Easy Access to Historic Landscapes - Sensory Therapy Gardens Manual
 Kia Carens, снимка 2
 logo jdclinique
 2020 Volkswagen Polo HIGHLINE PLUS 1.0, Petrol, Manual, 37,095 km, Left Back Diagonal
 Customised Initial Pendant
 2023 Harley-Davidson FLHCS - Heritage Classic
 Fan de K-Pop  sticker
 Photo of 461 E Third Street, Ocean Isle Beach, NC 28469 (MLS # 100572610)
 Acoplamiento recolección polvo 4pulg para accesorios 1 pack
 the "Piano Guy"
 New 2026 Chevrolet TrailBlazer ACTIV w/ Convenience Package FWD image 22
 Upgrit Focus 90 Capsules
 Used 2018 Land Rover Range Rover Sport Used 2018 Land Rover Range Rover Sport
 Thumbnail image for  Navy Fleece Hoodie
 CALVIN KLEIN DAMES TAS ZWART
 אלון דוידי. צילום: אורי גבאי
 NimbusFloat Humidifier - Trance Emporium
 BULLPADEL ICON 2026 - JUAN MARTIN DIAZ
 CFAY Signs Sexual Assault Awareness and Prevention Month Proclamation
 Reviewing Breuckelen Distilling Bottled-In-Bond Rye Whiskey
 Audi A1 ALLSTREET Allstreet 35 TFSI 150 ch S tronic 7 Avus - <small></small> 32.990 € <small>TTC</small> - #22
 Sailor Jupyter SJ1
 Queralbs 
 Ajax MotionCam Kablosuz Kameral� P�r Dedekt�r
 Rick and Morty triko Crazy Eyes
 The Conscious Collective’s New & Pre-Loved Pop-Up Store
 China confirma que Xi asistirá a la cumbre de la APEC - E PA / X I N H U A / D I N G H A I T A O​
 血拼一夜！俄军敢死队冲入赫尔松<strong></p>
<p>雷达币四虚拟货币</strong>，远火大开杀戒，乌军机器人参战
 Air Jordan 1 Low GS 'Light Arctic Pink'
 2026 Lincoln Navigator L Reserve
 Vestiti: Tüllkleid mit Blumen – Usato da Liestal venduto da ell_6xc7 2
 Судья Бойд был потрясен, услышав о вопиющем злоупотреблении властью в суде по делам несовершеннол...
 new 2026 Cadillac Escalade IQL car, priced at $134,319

Directions
Transcribe only the lines from the beginning of the entries to the line with "The Conscious Collective’s", inclusive, exactly as written.

Result for this task
Easy Access to Historic Landscapes - Sensory Therapy Gardens Manual
 Kia Carens, снимка 2
 logo jdclinique
 2020 Volkswagen Polo HIGHLINE PLUS 1.0, Petrol, Manual, 37,095 km, Left Back Diagonal
 Customised Initial Pendant
 2023 Harley-Davidson FLHCS - Heritage Classic
 Fan de K-Pop  sticker
 Photo of 461 E Third Street, Ocean Isle Beach, NC 28469 (MLS # 100572610)
 Acoplamiento recolección polvo 4pulg para accesorios 1 pack
 the "Piano Guy"
 New 2026 Chevrolet TrailBlazer ACTIV w/ Convenience Package FWD image 22
 Upgrit Focus 90 Capsules
 Used 2018 Land Rover Range Rover Sport Used 2018 Land Rover Range Rover Sport
 Thumbnail image for  Navy Fleece Hoodie
 CALVIN KLEIN DAMES TAS ZWART
 אלון דוידי. צילום: אורי גבאי
 NimbusFloat Humidifier - Trance Emporium
 BULLPADEL ICON 2026 - JUAN MARTIN DIAZ
 CFAY Signs Sexual Assault Awareness and Prevention Month Proclamation
 Reviewing Breuckelen Distilling Bottled-In-Bond Rye Whiskey
 Audi A1 ALLSTREET Allstreet 35 TFSI 150 ch S tronic 7 Avus - <small></small> 32.990 € <small>TTC</small> - #22
 Sailor Jupyter SJ1
 Queralbs 
 Ajax MotionCam Kablosuz Kameral� P�r Dedekt�r
 Rick and Morty triko Crazy Eyes
 The Conscious Collective’s New & Pre-Loved Pop-Up Store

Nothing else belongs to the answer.